He turned and walked away, went back to his Taurus. And he must have gotten in and started it up and driven off, because a
few minutes later he found himself on Rt. 17 heading home.
Well.
There it was.
The moment he’d been waiting for. The moment he’d been climbing toward for forty years. Climb up, your whole damn life, make
an asinine speech which gets interrupted by a squirming cat, then go tumbling down into hell forever and goodnight.
Shaw
was ecstatic. Dancing with the young pilgrims around the campfire, amid the flying sparks, inexhaustible. When he finally
took a breather, a girl approached him and said she’d been here all day, and that she thought he was wonderful. She said her
name was Cheryl. She was blushing. She reminded him, “The clerk? From Chummy’s?”
“Yes!” He looked into her eyes. “Didn’t I hear you were calling me a liar?”
“I was,” she said. “Before.”
“And now?”
“Now I know who you are.”
Her cheek was glistening in the dark. She was crying; she was shivering. He supposed he could have fucked her right then if
he’d wanted, but he didn’t want — he didn’t want anyone but Tara. And he’d soon have her. She was holed up in her room but
Shaw knew that her walls were crumbling and it was only a matter of time. And meanwhile he had his flock to watch over, and
the sick to heal, and a fortune to give away, and the sparks were rising up amid the fireflies and the stars, and the pilgrims
were dancing, and the universe from one end to the other was his.
Nell
went to bed but of course she couldn’t sleep. Wondering what had gotten into her? Burris Jones wasn’t a bad man, wasn’t a
stalker, wasn’t even much of a pest: whatever had possessed her to launch into him with such vicious cruelty?
Trying to be merciful? That’s what I call
mercy
? Holy crap, what a selfish bitch I am.
And the other thing: why had his news upset her so?
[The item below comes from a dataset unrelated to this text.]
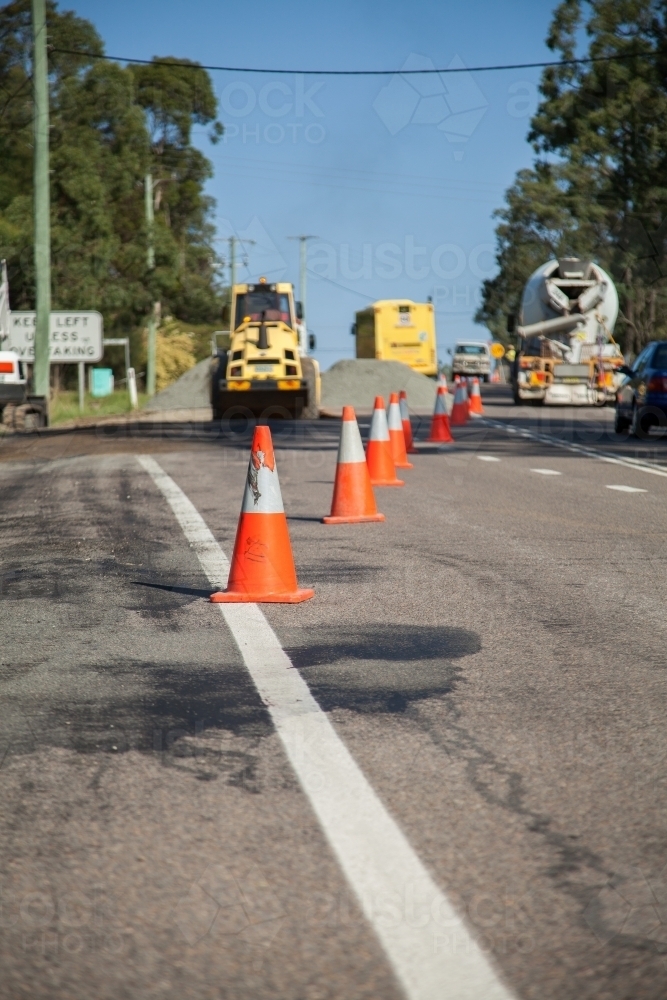 Road cones beside resurfacing roadwork - Australian Stock Image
Maybe because it was true?
Because there
have
been some fishy things about this deal.
Like why hadn’t Mitch told them all right away he was splitting the jackpot with Shaw? And how come he seemed so glum at the
press conference? And also, come to think of it, why hadn’t he come into the water the other day? He loved to seine. So what
the hell was that all about?
How could he win all those millions of dollars and seem so damn
morose
?
Maybe Tara
was
lying. She couldn’t lie at poker but maybe that was because poker meant nothing to her. She just came here, really, to spend
time with her granny. They could have been playing Parcheesi for all Tara cared.
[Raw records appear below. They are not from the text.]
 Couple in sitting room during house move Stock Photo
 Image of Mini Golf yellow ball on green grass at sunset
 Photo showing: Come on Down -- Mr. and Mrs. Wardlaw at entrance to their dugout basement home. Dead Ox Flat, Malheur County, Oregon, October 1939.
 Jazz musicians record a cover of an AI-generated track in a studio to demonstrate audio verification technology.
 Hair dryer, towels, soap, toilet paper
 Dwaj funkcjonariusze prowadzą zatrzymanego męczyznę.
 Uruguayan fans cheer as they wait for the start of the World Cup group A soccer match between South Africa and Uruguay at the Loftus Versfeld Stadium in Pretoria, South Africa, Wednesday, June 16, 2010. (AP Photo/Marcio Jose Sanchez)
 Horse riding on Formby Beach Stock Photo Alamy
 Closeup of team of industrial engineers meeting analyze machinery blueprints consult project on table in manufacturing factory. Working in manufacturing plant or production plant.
But if she was trying to protect me, Nell thought, that was something altogether different.
But, Lord. That flirty look she’d given Shaw while teasing him about that bobtail straight: could that have been a
lie
?
No! She was Nell’s baby; Nell knew her through and through. And Burris had always been an excitable fool, and this was just
another proof of it. And for scaring her like this she would never speak to him again. Everything was fine with Mitch and
Tara. Although just to be on the safe side, first thing in the morning she would call Chief Andrews, get his opinion. The
Chief was young and always charming to her and seemed to know a lot: she’d let him put her mind at ease.
Burris
loitered a while at Chummy’s — not the jackpot-ticket Chummy’s by I-95, but the one on Gloucester. He went there because
that was the only place still open except the Huddle House, and at the Huddle House someone would have tried to talk to him.
He could have gone home, of course. But home was just a swamp of stagnant time.
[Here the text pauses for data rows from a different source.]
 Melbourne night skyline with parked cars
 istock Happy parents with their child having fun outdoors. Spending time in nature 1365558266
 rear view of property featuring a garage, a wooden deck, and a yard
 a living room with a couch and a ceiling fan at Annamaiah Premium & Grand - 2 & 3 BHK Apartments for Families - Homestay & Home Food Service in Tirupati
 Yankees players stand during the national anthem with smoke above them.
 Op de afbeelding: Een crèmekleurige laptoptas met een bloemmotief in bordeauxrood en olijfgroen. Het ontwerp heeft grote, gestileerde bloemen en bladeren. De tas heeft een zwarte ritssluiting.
He got coffee. He sipped it slowly, while staring at the headlines on the newspapers. He didn’t read them — just stared. The
clerk started to get nervous with this deranged cop just standing around staring at the newspapers. Finally Burris gave the
man a break and left him alone. He went driving. He drove around and around as if on patrol. He saw two colleagues, Buzz and
Lou, parked in the Rt. 17 median near G Street, and he paused and said hello to them.
Said Buzz, “What up, homey?”
“Hey, not much,” said Burris, his voice carrying in the night air.
He drove on knowing they’d be talking about him till daybreak, but so what? Leave me alone. He went down Riverside Road because
he knew he could park at the end of it without anyone bothering him.
On the way, he passed the place where he’d seen Zderko burying the animal. He recalled the odor of putrefaction that had jumped
out from that bag — and how, according to Zderko, the creature had been dead for less than forty-eight hours.
Forty-eight hours
, thought Burris. Man or beast, in heat like this, you’ll start to stink. In forty-eight hours you’ll give it up to your essential
stench. Think you’re good-looking? Or sweet-smelling? Watch what forty-eight hours will do.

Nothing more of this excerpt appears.